DATA TO PROCESS Start Marker

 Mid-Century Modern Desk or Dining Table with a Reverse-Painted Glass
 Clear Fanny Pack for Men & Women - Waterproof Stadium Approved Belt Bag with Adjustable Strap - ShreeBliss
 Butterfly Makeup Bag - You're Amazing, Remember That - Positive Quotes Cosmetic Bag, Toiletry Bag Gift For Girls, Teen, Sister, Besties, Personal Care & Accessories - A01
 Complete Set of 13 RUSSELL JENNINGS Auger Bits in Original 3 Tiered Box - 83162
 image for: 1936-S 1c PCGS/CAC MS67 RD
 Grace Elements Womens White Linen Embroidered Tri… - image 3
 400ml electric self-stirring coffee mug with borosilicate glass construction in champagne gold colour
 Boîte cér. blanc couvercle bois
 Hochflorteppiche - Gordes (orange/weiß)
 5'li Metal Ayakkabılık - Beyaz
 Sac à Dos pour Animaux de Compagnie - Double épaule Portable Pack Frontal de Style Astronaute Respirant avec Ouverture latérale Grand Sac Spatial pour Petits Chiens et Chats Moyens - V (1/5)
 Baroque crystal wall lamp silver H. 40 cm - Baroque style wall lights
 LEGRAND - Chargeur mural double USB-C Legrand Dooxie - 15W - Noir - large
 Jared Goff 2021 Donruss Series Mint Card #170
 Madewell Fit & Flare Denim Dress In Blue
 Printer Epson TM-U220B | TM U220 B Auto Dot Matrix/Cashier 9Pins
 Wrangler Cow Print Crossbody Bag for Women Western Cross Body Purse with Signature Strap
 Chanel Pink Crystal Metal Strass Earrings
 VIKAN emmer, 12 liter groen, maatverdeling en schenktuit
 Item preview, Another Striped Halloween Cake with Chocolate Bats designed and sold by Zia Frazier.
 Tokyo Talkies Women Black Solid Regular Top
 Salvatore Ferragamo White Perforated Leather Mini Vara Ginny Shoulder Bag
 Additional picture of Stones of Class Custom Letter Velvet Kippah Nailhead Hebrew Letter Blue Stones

DATA TO PROCESS End Marker

Leave out every line above except those from the line with "LEGRAND - Chargeur" up to and including the line with "Salvatore Ferragamo White", and copy those exactly.

* _YOUR SOLUTION_
 LEGRAND - Chargeur mural double USB-C Legrand Dooxie - 15W - Noir - large
 Jared Goff 2021 Donruss Series Mint Card #170
 Madewell Fit & Flare Denim Dress In Blue
 Printer Epson TM-U220B | TM U220 B Auto Dot Matrix/Cashier 9Pins
 Wrangler Cow Print Crossbody Bag for Women Western Cross Body Purse with Signature Strap
 Chanel Pink Crystal Metal Strass Earrings
 VIKAN emmer, 12 liter groen, maatverdeling en schenktuit
 Item preview, Another Striped Halloween Cake with Chocolate Bats designed and sold by Zia Frazier.
 Tokyo Talkies Women Black Solid Regular Top
 Salvatore Ferragamo White Perforated Leather Mini Vara Ginny Shoulder Bag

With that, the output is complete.